_Data to process_
▶
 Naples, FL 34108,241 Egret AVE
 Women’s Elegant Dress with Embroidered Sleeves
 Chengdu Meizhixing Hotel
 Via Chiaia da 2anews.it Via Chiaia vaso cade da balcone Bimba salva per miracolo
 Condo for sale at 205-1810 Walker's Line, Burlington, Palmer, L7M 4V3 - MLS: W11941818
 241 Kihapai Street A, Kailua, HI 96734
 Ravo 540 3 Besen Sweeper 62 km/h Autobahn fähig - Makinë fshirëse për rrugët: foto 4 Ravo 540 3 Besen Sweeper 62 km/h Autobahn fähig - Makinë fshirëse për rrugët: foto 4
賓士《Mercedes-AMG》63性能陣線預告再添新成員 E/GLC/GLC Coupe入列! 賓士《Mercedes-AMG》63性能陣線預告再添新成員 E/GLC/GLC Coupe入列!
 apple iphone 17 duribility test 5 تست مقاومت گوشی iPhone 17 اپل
◀
_What you will do_
From the material above, retype precisely the lines between the line holding "foto 4 Ravo" and the line holding "Coupe入列! 賓士《Mercedes-AMG》63性能陣線預告再添新成員 E/GLC/GLC Coupe入列!", inclusive, and nothing beyond them.

_Exercise solution_
 Ravo 540 3 Besen Sweeper 62 km/h Autobahn fähig - Makinë fshirëse për rrugët: foto 4 Ravo 540 3 Besen Sweeper 62 km/h Autobahn fähig - Makinë fshirëse për rrugët: foto 4
賓士《Mercedes-AMG》63性能陣線預告再添新成員 E/GLC/GLC Coupe入列! 賓士《Mercedes-AMG》63性能陣線預告再添新成員 E/GLC/GLC Coupe入列!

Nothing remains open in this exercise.